Everything from the line with "this 320×180 image." through the last line of the records below should be copied exactly, both ends included.
* * * * * * * * *
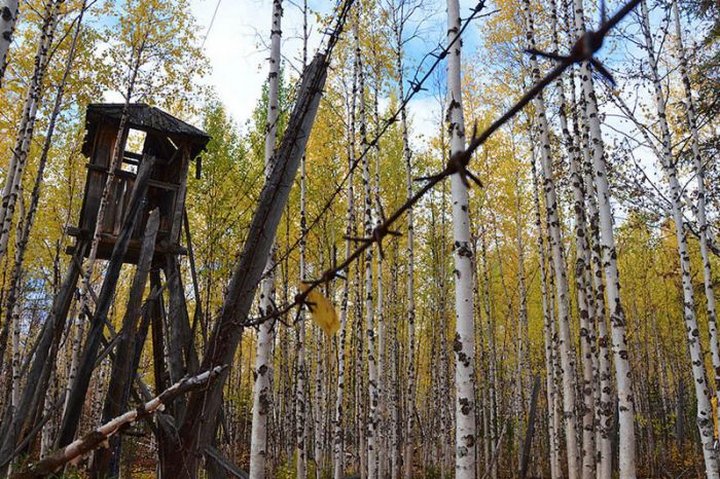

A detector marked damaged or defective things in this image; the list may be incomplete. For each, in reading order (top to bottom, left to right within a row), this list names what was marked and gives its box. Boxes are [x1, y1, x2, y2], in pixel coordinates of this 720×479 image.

rusty wire strand [246, 0, 640, 328]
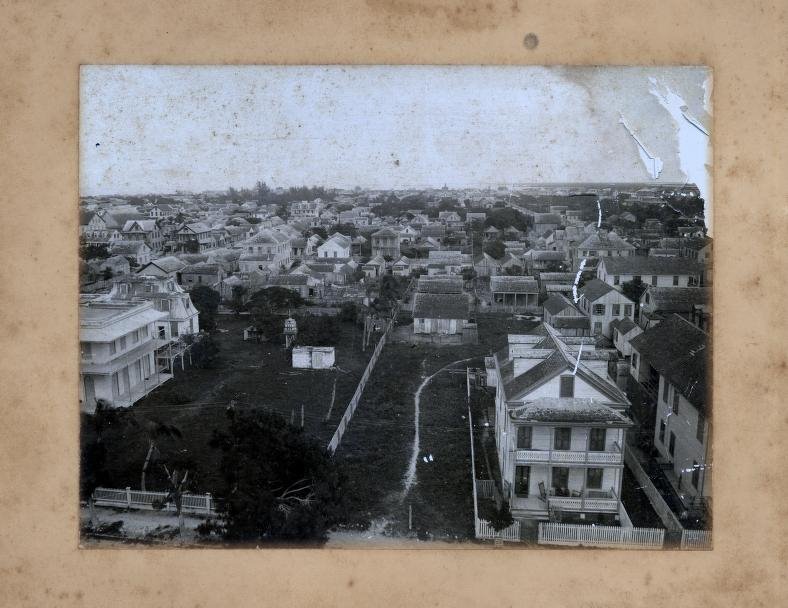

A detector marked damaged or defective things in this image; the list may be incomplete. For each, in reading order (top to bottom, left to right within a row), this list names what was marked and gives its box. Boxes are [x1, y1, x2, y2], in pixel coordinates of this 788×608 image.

torn photo corner [78, 66, 716, 552]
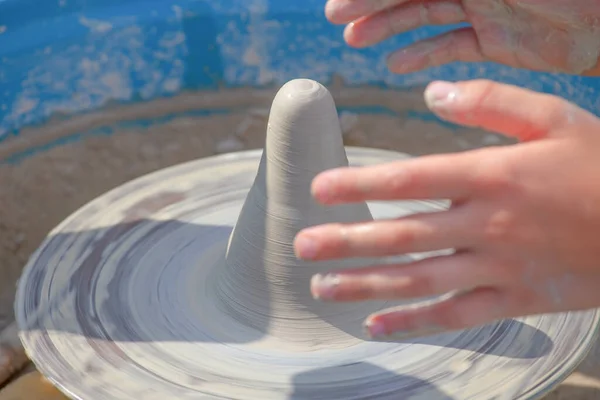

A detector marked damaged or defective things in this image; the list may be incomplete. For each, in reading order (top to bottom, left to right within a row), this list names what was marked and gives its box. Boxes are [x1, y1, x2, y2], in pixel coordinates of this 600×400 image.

peeling blue paint [0, 0, 596, 141]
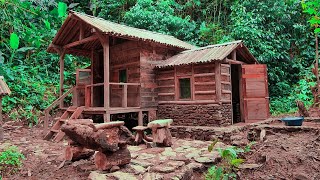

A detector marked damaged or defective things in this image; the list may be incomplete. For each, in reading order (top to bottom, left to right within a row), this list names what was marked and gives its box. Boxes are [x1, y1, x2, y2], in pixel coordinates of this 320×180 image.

rusty metal roof sheet [69, 11, 195, 49]
rusty metal roof sheet [156, 40, 258, 67]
* * * * * * * * *
SOLUTION FOR THIS PROBLEM:
A detector marked damaged or defective things in this image; the list may be incomplete. For each, in reading order (top to bottom, left to right within a row), this list names what was marked and gives its box. Boxes are [x1, y1, x2, y2], in pixel coordinates of this 320×180 image.

rusty metal roof sheet [69, 11, 195, 49]
rusty metal roof sheet [156, 40, 258, 67]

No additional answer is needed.